[Extracted data entries]
==*==

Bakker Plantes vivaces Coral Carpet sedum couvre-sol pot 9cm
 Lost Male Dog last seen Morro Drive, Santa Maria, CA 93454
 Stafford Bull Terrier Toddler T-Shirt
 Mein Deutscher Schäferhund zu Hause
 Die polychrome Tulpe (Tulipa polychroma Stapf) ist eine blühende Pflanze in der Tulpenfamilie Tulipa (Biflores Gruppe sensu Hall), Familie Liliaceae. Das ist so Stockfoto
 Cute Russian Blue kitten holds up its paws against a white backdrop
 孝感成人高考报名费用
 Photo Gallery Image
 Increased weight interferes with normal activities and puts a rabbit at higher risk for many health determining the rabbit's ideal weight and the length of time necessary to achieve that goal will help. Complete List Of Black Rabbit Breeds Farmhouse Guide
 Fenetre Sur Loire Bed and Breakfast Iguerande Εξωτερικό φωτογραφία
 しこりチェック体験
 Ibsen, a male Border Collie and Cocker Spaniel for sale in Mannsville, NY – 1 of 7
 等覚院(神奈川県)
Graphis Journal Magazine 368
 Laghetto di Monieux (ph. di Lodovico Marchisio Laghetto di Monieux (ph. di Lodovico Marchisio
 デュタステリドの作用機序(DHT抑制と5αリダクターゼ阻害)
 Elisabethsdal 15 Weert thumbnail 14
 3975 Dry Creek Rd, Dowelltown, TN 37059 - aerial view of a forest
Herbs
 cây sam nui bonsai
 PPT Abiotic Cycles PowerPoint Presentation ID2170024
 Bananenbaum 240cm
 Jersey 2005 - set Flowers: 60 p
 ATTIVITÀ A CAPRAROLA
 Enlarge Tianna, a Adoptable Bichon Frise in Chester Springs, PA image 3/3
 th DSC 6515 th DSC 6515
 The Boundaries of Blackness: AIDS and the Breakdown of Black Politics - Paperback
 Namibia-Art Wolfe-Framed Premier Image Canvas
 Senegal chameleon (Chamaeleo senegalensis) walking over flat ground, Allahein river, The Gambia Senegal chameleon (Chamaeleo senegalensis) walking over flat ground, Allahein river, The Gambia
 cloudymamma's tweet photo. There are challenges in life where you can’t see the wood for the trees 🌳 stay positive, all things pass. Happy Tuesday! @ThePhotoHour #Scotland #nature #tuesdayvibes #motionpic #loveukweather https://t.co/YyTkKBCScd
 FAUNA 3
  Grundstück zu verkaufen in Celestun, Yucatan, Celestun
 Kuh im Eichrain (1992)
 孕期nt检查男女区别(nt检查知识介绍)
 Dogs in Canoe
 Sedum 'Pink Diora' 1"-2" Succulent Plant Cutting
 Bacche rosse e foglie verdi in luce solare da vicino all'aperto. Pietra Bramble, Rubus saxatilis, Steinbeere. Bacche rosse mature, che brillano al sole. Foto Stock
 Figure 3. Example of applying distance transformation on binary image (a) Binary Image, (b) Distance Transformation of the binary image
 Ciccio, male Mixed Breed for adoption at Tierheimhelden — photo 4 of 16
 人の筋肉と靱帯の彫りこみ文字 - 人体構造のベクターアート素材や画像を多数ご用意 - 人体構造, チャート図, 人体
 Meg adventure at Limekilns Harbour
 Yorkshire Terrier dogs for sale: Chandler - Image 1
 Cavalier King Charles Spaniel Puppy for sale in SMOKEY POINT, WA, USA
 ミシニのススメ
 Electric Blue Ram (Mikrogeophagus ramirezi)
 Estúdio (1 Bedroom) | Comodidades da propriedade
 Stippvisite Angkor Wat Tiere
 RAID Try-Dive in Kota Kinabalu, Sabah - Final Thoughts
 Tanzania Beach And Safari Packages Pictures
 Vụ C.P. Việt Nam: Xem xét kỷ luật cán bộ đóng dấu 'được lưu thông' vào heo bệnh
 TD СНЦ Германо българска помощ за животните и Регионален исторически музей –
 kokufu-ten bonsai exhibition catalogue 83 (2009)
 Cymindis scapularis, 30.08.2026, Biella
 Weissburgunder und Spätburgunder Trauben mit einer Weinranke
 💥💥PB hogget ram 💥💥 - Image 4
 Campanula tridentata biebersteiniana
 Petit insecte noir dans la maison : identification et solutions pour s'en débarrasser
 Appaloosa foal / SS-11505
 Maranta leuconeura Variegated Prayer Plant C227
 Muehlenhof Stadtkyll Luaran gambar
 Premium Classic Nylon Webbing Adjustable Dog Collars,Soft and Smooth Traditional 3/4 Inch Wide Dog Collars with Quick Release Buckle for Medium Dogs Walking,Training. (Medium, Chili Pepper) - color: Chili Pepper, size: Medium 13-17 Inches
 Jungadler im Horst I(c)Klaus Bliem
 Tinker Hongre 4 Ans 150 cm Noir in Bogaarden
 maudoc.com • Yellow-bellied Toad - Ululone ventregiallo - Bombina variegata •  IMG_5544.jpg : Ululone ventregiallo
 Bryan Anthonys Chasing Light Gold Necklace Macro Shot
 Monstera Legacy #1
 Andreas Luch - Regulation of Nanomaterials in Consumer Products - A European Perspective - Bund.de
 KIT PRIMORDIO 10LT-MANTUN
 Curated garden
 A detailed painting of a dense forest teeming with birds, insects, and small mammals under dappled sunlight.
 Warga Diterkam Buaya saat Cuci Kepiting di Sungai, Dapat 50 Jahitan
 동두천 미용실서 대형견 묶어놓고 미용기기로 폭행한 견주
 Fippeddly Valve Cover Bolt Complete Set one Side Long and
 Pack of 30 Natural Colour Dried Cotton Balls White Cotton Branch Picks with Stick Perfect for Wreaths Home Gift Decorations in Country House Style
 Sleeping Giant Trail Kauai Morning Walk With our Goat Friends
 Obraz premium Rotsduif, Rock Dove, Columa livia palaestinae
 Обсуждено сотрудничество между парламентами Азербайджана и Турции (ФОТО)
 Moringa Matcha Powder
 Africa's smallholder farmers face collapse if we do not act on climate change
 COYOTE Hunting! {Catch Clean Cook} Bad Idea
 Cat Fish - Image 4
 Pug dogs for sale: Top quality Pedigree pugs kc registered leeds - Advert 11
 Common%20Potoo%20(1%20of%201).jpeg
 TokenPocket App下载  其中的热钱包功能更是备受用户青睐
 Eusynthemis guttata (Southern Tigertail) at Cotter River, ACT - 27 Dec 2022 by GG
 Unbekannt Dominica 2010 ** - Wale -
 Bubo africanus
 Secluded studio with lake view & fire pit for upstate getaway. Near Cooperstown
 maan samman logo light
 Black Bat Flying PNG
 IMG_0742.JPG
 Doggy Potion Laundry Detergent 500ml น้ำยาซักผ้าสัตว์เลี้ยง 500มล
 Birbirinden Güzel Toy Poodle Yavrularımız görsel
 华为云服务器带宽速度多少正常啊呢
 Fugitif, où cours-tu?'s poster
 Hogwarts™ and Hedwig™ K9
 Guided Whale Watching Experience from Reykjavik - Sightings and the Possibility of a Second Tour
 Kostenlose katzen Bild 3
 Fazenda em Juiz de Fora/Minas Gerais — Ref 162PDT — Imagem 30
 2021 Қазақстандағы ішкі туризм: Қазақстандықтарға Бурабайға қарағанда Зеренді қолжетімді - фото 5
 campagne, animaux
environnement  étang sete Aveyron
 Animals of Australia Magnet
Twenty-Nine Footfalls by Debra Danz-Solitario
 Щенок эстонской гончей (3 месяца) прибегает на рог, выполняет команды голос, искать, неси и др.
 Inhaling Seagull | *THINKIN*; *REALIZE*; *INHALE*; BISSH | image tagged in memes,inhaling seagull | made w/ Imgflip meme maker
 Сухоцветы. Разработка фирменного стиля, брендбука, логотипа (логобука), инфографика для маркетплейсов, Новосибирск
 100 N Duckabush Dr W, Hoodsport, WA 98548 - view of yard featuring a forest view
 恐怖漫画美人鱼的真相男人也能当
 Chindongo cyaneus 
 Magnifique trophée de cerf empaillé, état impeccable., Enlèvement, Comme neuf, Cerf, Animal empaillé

==*==

Task to carry out
Of the entries above, transcribe exactly those lines that fall between the line containing "Stippvisite Angkor Wat Tiere" and the line containing "Muehlenhof Stadtkyll Luaran gambar", together with those two lines.

Answer to this problem
 Stippvisite Angkor Wat Tiere
 RAID Try-Dive in Kota Kinabalu, Sabah - Final Thoughts
 Tanzania Beach And Safari Packages Pictures
 Vụ C.P. Việt Nam: Xem xét kỷ luật cán bộ đóng dấu 'được lưu thông' vào heo bệnh
 TD СНЦ Германо българска помощ за животните и Регионален исторически музей –
 kokufu-ten bonsai exhibition catalogue 83 (2009)
 Cymindis scapularis, 30.08.2026, Biella
 Weissburgunder und Spätburgunder Trauben mit einer Weinranke
 💥💥PB hogget ram 💥💥 - Image 4
 Campanula tridentata biebersteiniana
 Petit insecte noir dans la maison : identification et solutions pour s'en débarrasser
 Appaloosa foal / SS-11505
 Maranta leuconeura Variegated Prayer Plant C227
 Muehlenhof Stadtkyll Luaran gambar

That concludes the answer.